“【自我说明】包含敏感字符,请重新输入。” ([Profile] contains sensitive
characters, please try again.) Note that for censorship of text chat,
triggering messages do not display this warning.
Check out the...
Censorship Analysis
YY 7.1 downloads three different keywords lists:
-
Finance Keyword List (48 words) Source: http://do.yy.duowan.com/financekwordlist
These are keywords related to phishing scams. When received, YY prints the
following warning in the chat window:
YY安全提示:聊天中若有涉及财产的操作,请一定要先核实好友身份,谨防受骗!
The keywords are downloaded in plain text in UTF8-encoded XML.
-
Decoded "Normal" Keyword List (22 words) Source: http://do.yy.duowan.com/NormalKWordlist.txt
These are sensitive keywords that are asterisked out in the message before the
message is sent and that trigger a surveillance message back to YY's servers.

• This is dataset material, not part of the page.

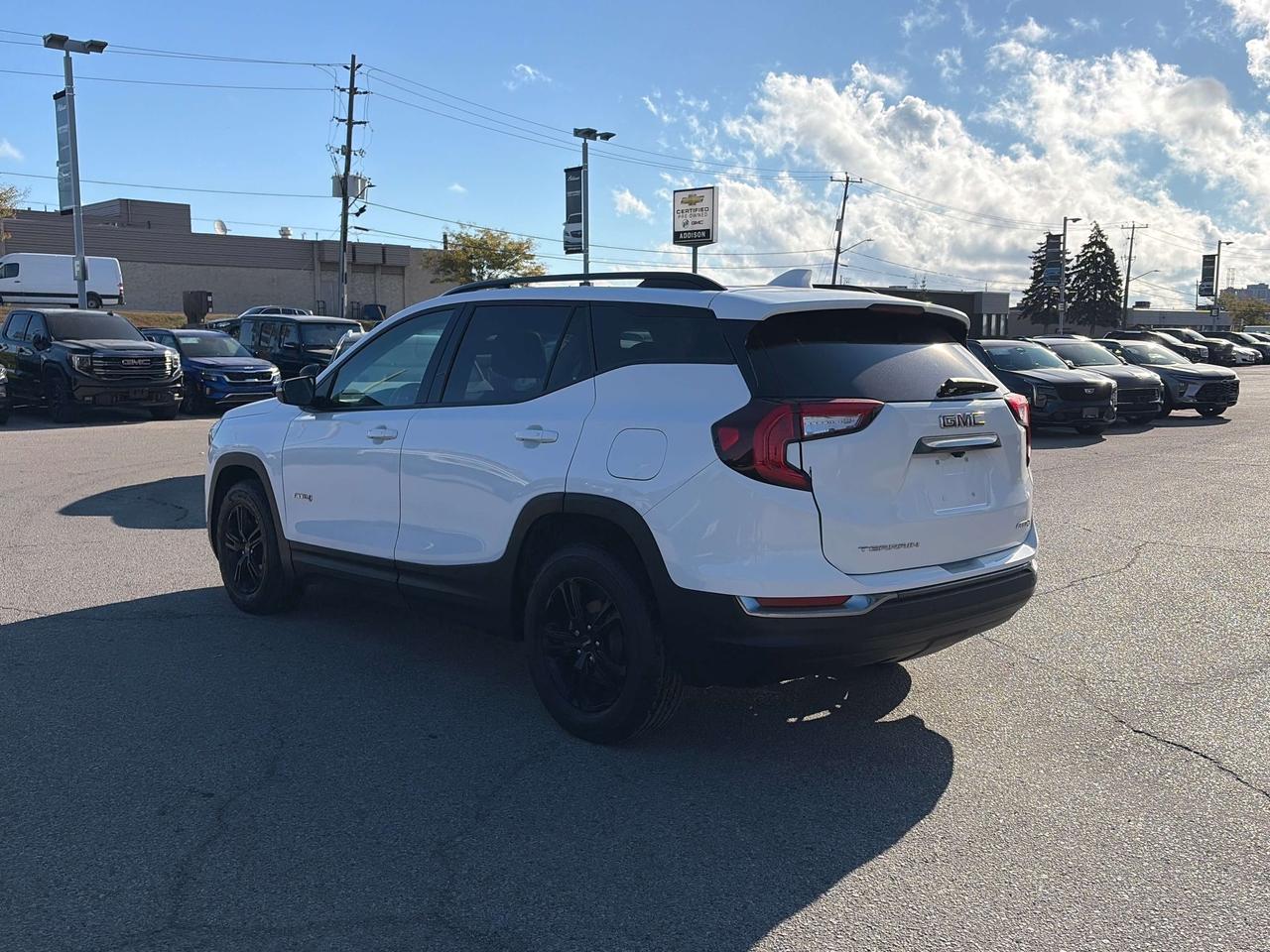 2022 GMC Terrain AT4 Photo2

These keywords are downloaded as a base64-encoded list of UTF16-encoded
keywords each separated by a carriage return followed by a line feed.
-
Decoded "High" Keyword List (13,461 words) Source: http://do.yy.duowan.com/HighKWordlist.txt
These are sensitive keywords that cause the containing message to never be sent
and that trigger a surveillance message back to YY's servers. If a message
containing one of these keywords is somehow received, then that message will
show in the chat window as a blank message. These keywords are downloaded as a
base64-encoded list of UTF16-encoded keywords each separated by a carriage
return followed by a line feed.
Surveillance Analysis
When sending a word from the "Normal" or "High" lists above, a surveillance
message is sent via an HTTP GET request to a URL of the form:
http://sere.hiido.com/do.action?id=<id>&content=<content>
<id> is a hash computed as
md5(⌊<seconds since unix epoch> /
1000⌋ + ";username=report;password=pswd@1234"), hex-encoded. Note
that the username and password in the hashed string are hardcoded; these are
not the username and password of the sender or receiver of the triggering
message.
<content> is a base64-encoded string of the following
form:
type=2;uid=<sending user id #>;touid=<receiving user id #>;keyword=<triggering keyword>;txt=<triggering message in its entirety>
In the version of YY analyzed, type is hardcoded to 2.
Code
decode.py is a python script for automating the
decoding of the "normal" and "high" lists into plain text UTF8.